In the Midwest, It's Monarchs Versus Monsanto

The Natural Resources Defense Council is petitioning the EPA to review its glyphosate rules to save the butterflies.

(Photo: JP Benante/Getty Images)

Feb 25, 2014· 1 MIN READ
Willy Blackmore is TakePart’s Food editor.

In 1996, orange-and-black-winged monarch butterflies dotted 45 acres of forest in Mexico—the equivalent of 34 football fields. That year saw the largest-ever migration of the insects between the woods of the Sierra Madre and stretches of the United States and Canada. The same year, Monsanto released its first Roundup Ready crop, soybeans, which drastically altered the way farmers could apply herbicides across the Midwest—an important breeding ground for the butterflies.

The population in Mexico covered just 1.65 acres this winter, and that precipitous drop over the past 18 years has environmentalists increasingly worried about corn and soy that’s been genetically modified to withstand glyphosate, the herbicide Monsanto markets as Roundup, and the fate of a plant called milkweed. The weed is the only place where monarchs lay their eggs, and the near eradication of milkweed from agricultural land at the hands of glyphosate-spraying farmers is widely believed to be the reason for the plummeting butterfly numbers.

Now the Natural Resources Defense Council is petitioning the Environmental Protection Agency to review its rules for glyphosate use to save the monarchs.

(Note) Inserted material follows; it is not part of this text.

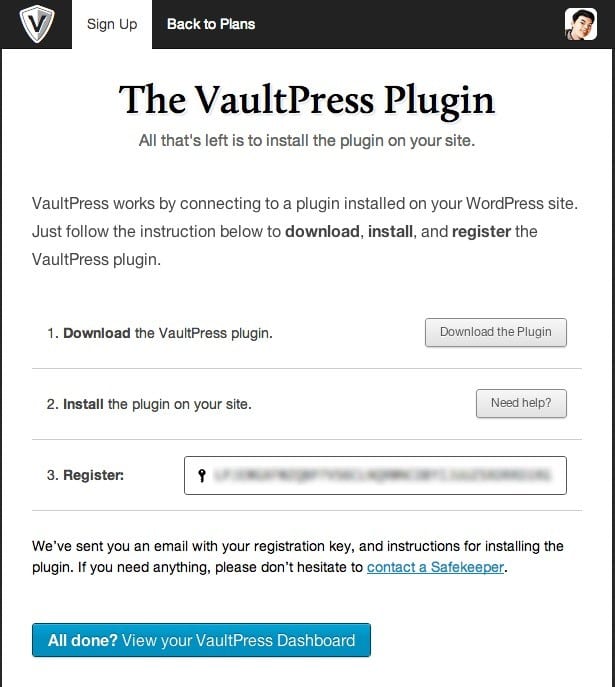 Register key của VaultPRess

“Their precipitous loss signals a warning about the unintended consequences of our industrial agricultural practices,” Sylvia Fallon, senior scientist at NRDC, said in a release. “We need to act quickly to ensure that future generations will also be able to experience the wonder of the monarch’s migration.”

A 2012 study published by The Royal Entomological Society’s Insect Conservation and Diversity journal found that the amount of milkweed growing in Iowa farm fields declined by 81 percent between 1999 and 2010.

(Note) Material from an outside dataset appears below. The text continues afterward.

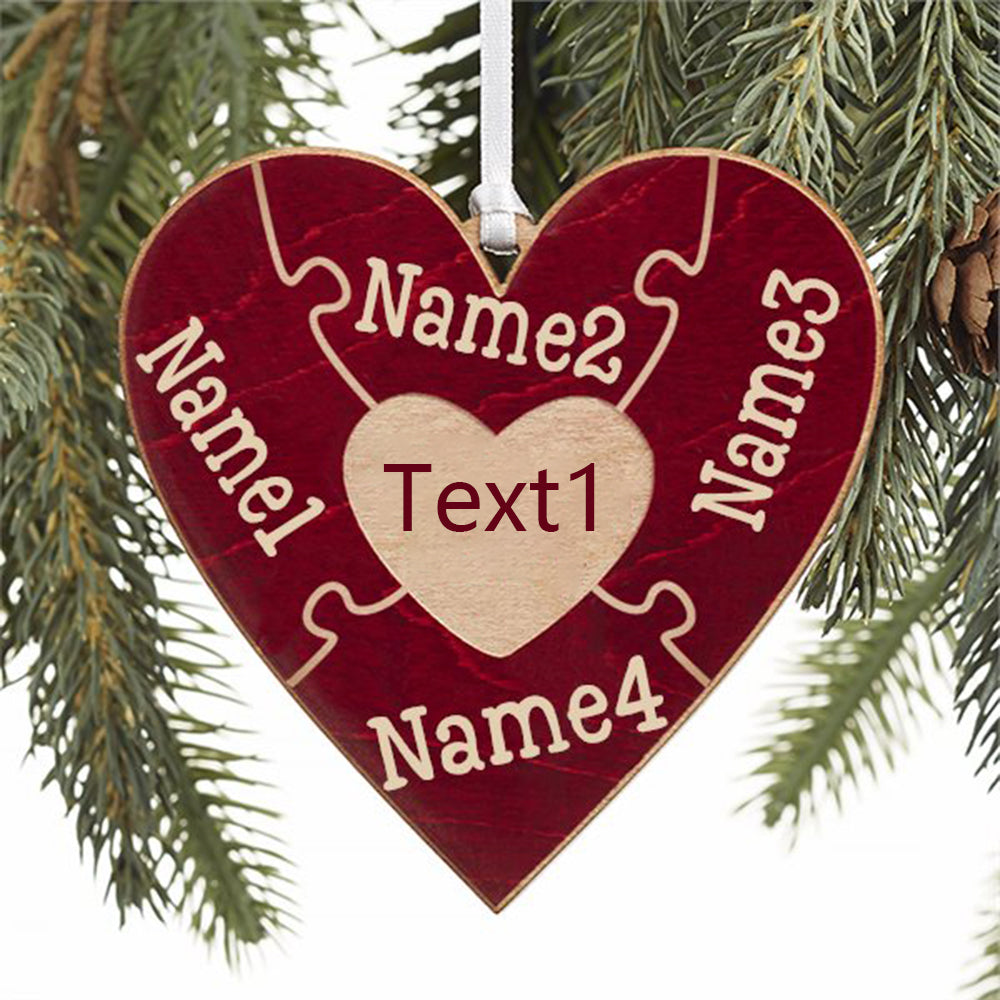 Christmas Decoration Custom Name Heart Ornament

“Given the established dominance of glyphosate-tolerant crop plants and widespread use of glyphosate herbicide, the virtual disappearance of milkweeds from agricultural fields is inevitable,” the study reads. With that loss of habitat, monarchs will never reach their previous numbers, and the authors point out that the new lower populations will be more vulnerable to extreme weather and deforestation at various points along their migration route.

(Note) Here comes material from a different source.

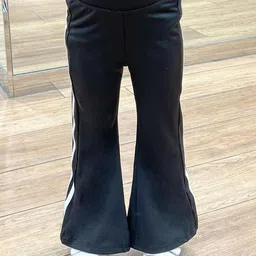LULU & SKY Girls Monochrome Side Stripes Flared High-Rise Trousers-image-33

Yet the decline in milkweed growing in Iowa’s woods and ditches and backyards was far less in the same time period: 31 percent over 11 years. It’s on such areas, where crops yields aren’t threatened by milkweed, that the NRDC petition is largely focused. The group is asking the EPA to block the use of herbicides along highways and power-line rights of way, to introduce glyphosate-free zones around farm fields, and to create other habitats where the plant can flourish.

Pulling apart milkweed pods and releasing the cotton-like fluff inside, setting the seeds floating off in the breeze, was just as much a part of my Iowa childhood as watching monarchs flit around the backyard. The corn and soy that dominate there and throughout the Midwest should be able to make way so that the butterflies and the plants that sustain them can remain a part of the landscape.